Risks Related to the International Nature of Our Business
If more stringent labor laws become applicable to us or if our employees unionize, our profitability may be adversely affected.
Some of the geographies where we operate have stringent employee friendly labor legislation, including legislation that sets forth detailed procedures for dispute resolution, employee separation, provision of benefits or facilities to employees at employer’s costs as well as imposing financial obligations and other compliance on employers upon retrenchment. Though we are exempt from some of these labor laws at present under applicable exceptions in relevant jurisdictions, there can be no assurance that such laws will not become applicable to us in the future. If these labor laws become applicable to our employees, it may become difficult for us to maintain flexible human resource policies and attract and employ the numbers of sufficiently qualified candidates that we need or discharge employees for business or operational reasons, and our compensation expenses may increase significantly.

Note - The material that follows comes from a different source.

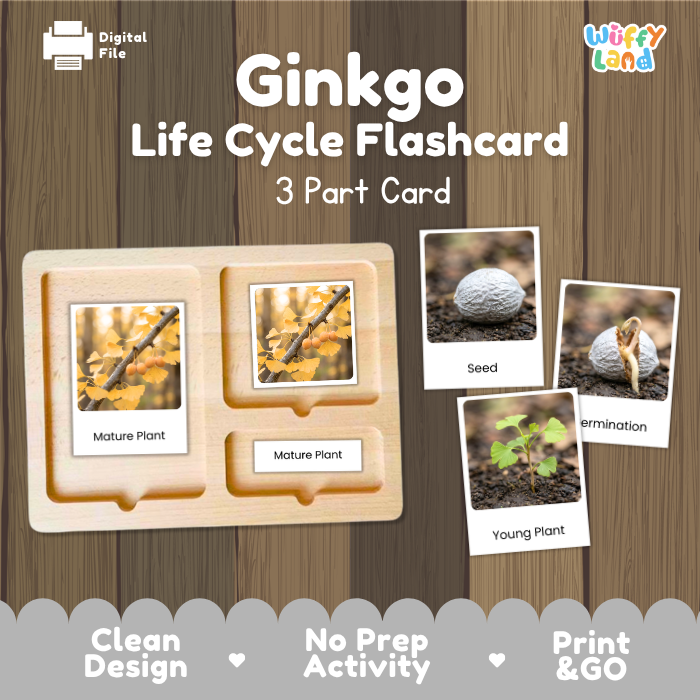 Ginkgo Life Cycle Flashcards | 3 Part Cards Montessori Science Activity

Regulations in other countries in which we operate also regulate our relations with our employees.
During the quarter ended March 31, 2019, the Supreme Court of India clarified that certain allowances paid by an employer to an employee should be included in the definition of “basic wage” for the purposes of defined social security contribution plans. It still remains unclear whether the interpretation set out in the pronouncement has retrospective application. If applied retrospectively, the interpretation may result in a significant increase in contributions payable by the Company for past periods for certain of its India-based employees and could have a material adverse effect on our results of operations, financial condition and cash flows. Further, in September 2020, the Indian Parliament passed various consolidating labor codes, including the Code on Social Security, 2020 (the “Indian Social Security Code”) which aims to rationalize labor laws. The Indian Social Security Code has implications on defined social security contribution plans, provision of certain benefits or facilities to employees at employer’s costs and post-retirement benefits. Most specifically, it broadens the definition of an employee and wages and liberalizes the definition of “continuous period” for the purpose of determining employee benefits, amongst others and could have a material adverse effect on our results of operations, financial condition and cash flows.

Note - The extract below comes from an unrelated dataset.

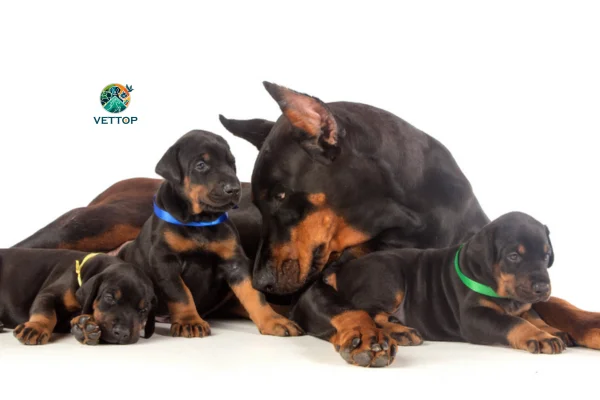 Cachorro Castrado Pode Engravidar Cadela?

In addition, our employees may in the future form unions. If employees at any of our operations centers become eligible for union membership, we may be required to raise wage levels or grant other benefits that could lead to an increase in our compensation expenses, or productivity at relevant operations centers may be adversely affected, resulting, in each case to possible adverse impacts on our profitability and cash flows.
The Government of India in the past few years has focused on the occupational health and safety concerns experienced by workers in the outsourcing industry. The introduction of legislation imposing restrictions on working hours or conditions of professionals in the outsourcing industry could have an adverse effect on our business, results of operations, cash flows and financial condition.

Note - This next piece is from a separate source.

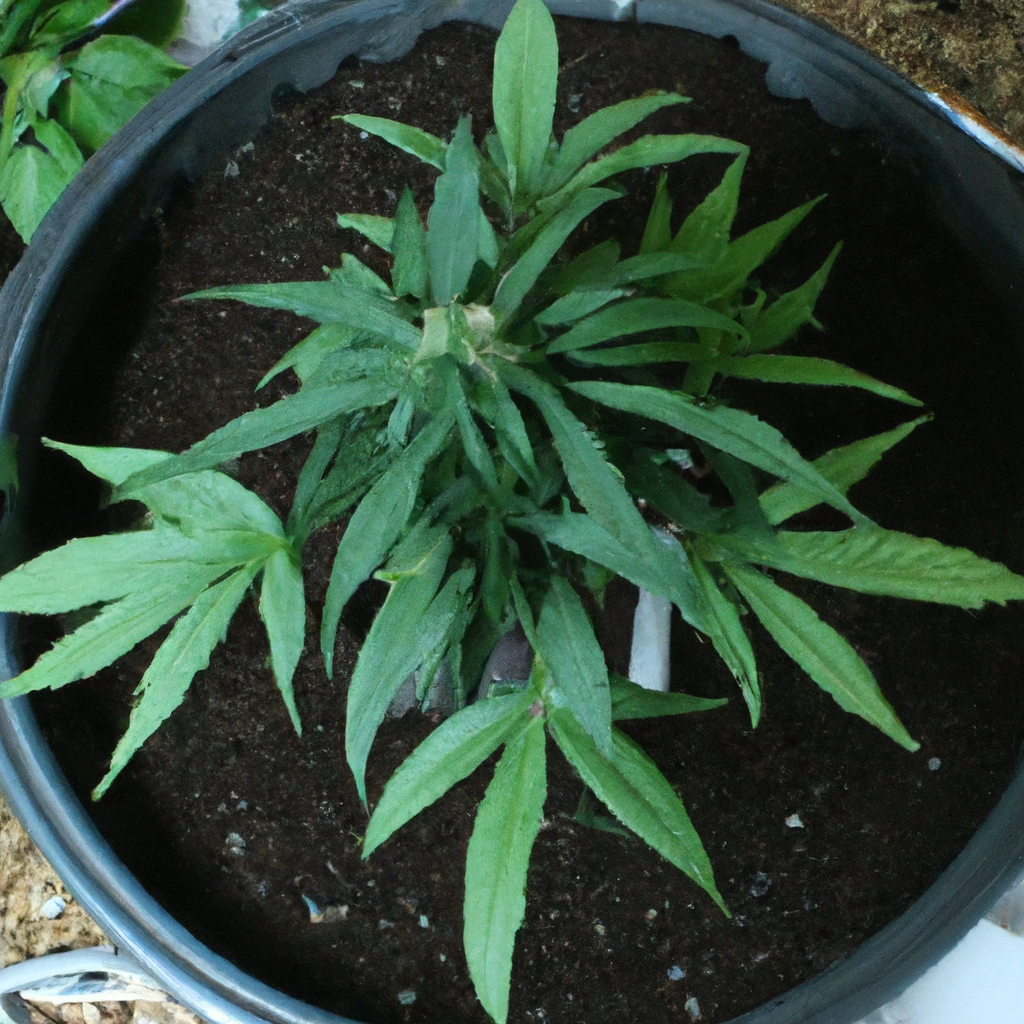 Maximizing Cannabis Growth: Essential Root Care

Our global operations subject us to significant labor and employment risks.
We may from time to time be subject to litigation or administrative actions resulting from claims against us by current or former employees, individually or as part of a class action, including for claims of wrongful termination, discrimination (including on grounds of nationality, ethnicity, race, faith, gender, marital status, age or disability), misclassification, redundancy payments described above, or other violations of labor laws, or other alleged conduct. If we are held liable for unpaid compensation, redundancy payments, statutory penalties, and other damages arising out of such actions and litigations, such liabilities could have a material adverse effect on our business, reputation, results of operations, financial condition and cash flows.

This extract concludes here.